The Monaco Grand Prix is, for most drivers, the race they most want to win. For Charles Leclerc, who was born in Monaco, who grew up watching the grand prix from the barriers above the swimming pool and the hairpin, who had driven karts on these streets before he drove Formula 1 cars on them, it was something beyond want. Winning Monaco was part of the architecture of his ambition in a way that no other race could replicate.
The story of Leclerc and Monaco had been one of the sport's most consistent sources of anguish. He had led from pole in 2021 only for a gearbox failure, discovered in the reconnaissance lap before the race, to stop the car before the lights went out. He had started from pole in subsequent years and watched the race unfold in ways that denied him the result the pace suggested he deserved.

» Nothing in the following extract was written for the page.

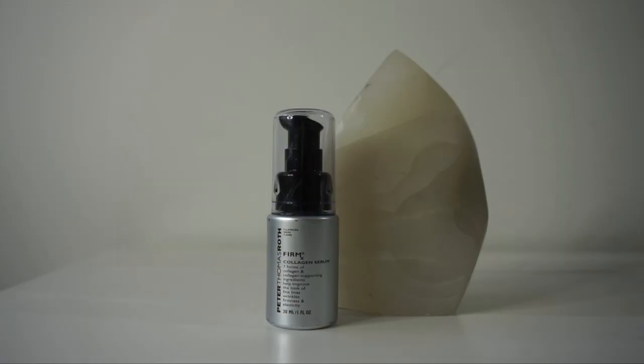I'm going to do a daytime routine using more Peter Thomas Roth products. First, I'm using the Mirad Hydrating Toner, which has been a favorite of mine for years — this is going to intensify the luminous glow we have going on. Now that it's dry, you can definitely see that healthy luminous glow. Next I'm applying the Peter Thomas Roth Firmx Collagen Serum, which has seven forms of collagen and collagen-supporting ingredients to help improve the look of fine lines, wrinkles, firmness, elasticity, and sagginess. I'm doing one full pump.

The circuit where he belonged — where his family lived, where the people in the stands were people who had known him since childhood — had refused him with a consistency that began to feel personal.
In 2024, Ferrari managed the race with a strategic precision that the team had not always found when it mattered most. Leclerc led from pole, controlled the pace, survived the pit stop sequence, and held off the opposition in the closing laps with the calm of a driver who had decided that this time, nothing was going to be taken from him. Oscar Piastri's McLaren was behind him and quick, but Monaco's streets, which reward the car in front above almost any other circuit, provided the protection that Leclerc needed.
When he crossed the finish line, the reaction in the principality was unlike anything a Monaco Grand Prix had produced in years. His family was in the crowd. His name was Charles Leclerc and this was his race, his circuit, his win — and it had taken eight attempts and more heartbreak than any driver should have to bear in one place to get there.